▸ What the task requires:
Write out the listing from the line with "Roads and rivers around Moffats Left" to the line with "Back view of", both lines included, exactly and nothing beyond. Leave pictures out.

▸ The data:
┏━━

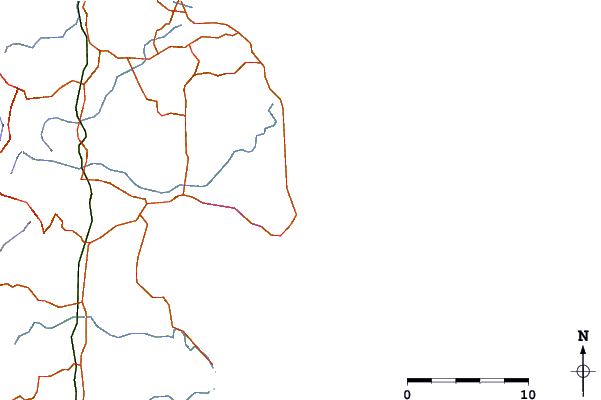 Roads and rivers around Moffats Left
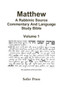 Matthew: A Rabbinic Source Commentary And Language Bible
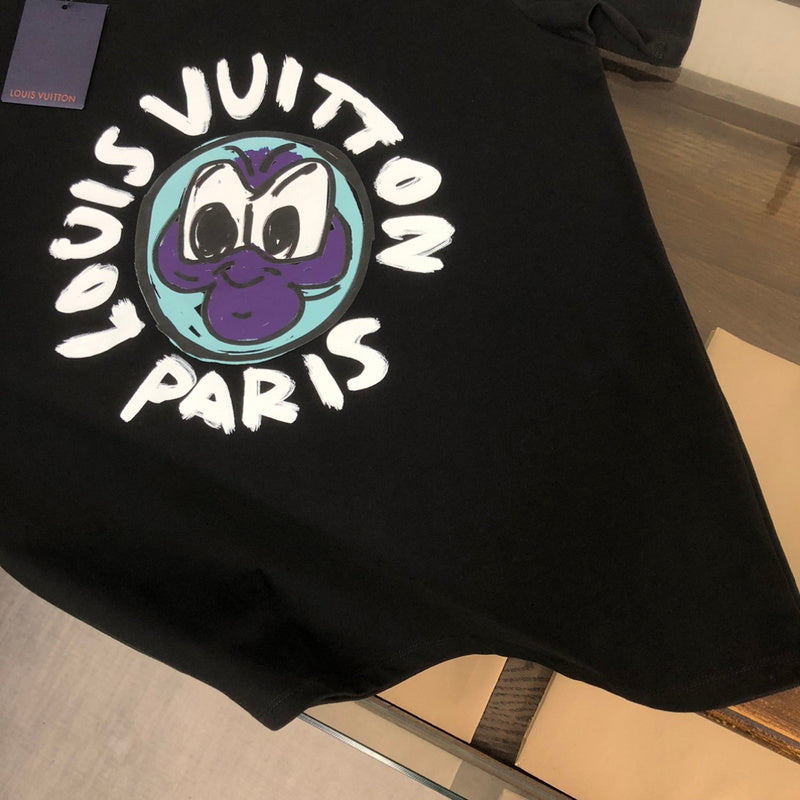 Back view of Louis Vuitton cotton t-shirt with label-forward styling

┗━━
┏━━

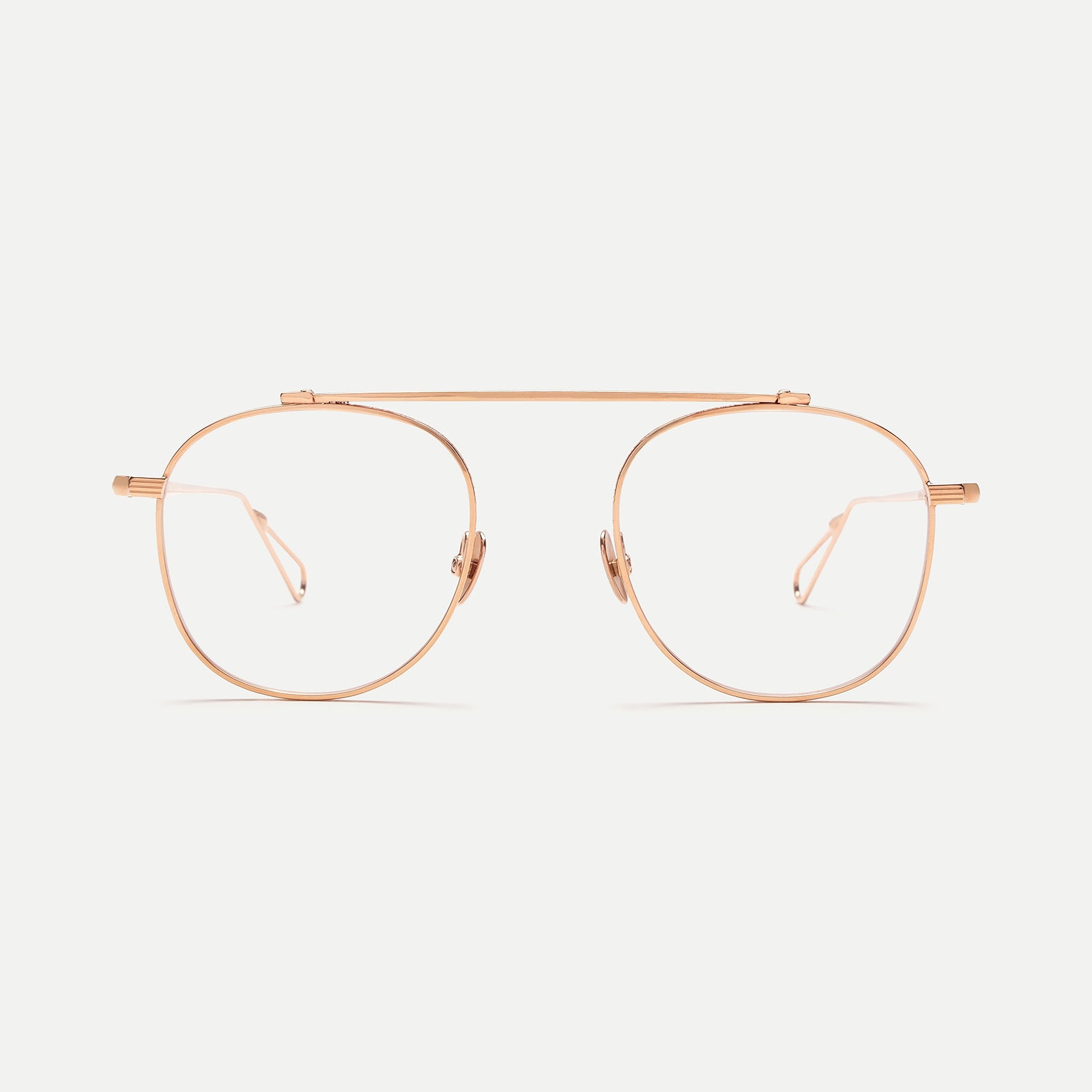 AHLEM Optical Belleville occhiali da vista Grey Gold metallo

┗━━
┏━━

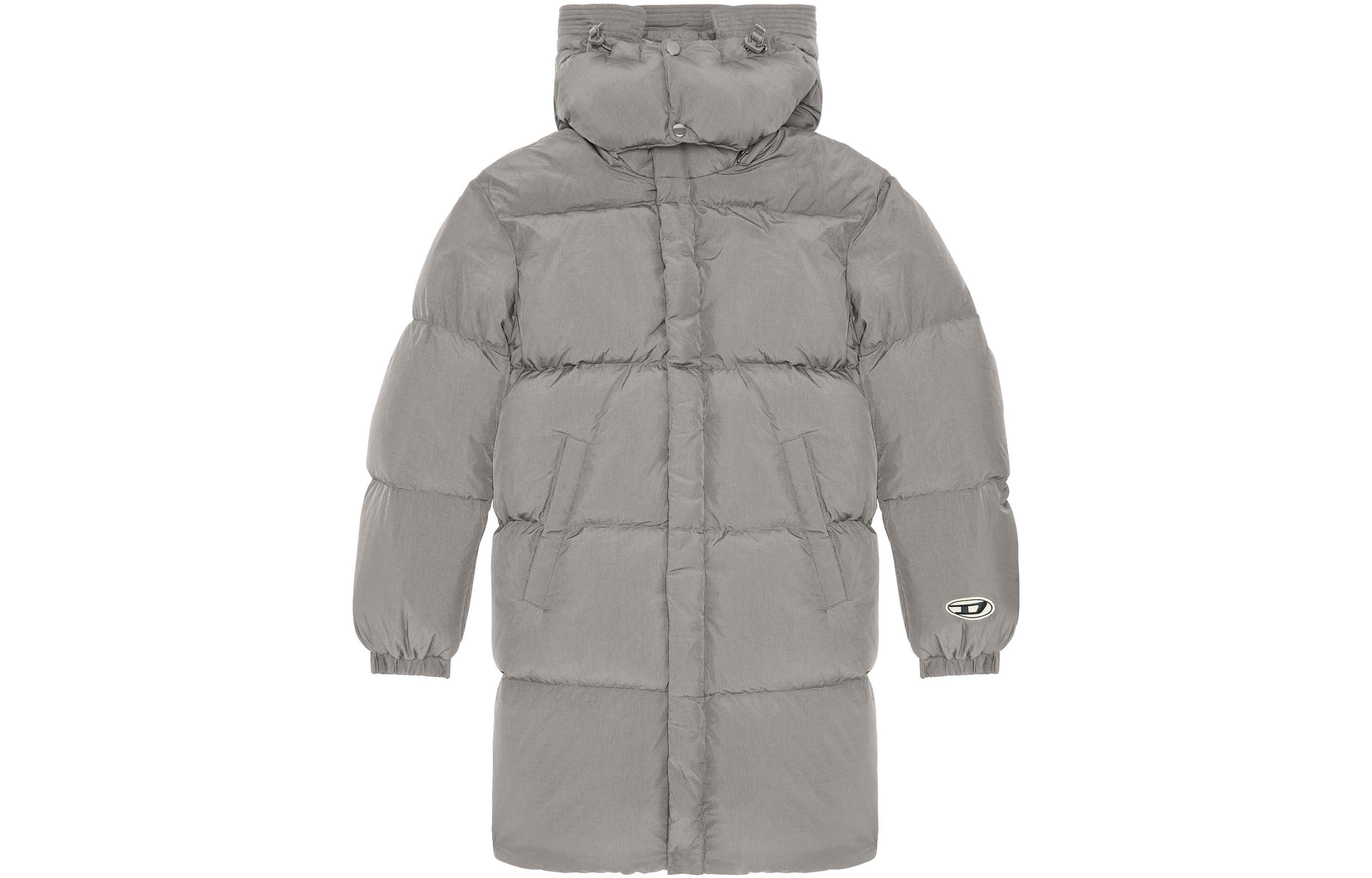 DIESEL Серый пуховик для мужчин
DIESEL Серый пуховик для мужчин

┗━━

▸ Solution:
 Roads and rivers around Moffats Left
 Matthew: A Rabbinic Source Commentary And Language Bible
 Back view of Louis Vuitton cotton t-shirt with label-forward styling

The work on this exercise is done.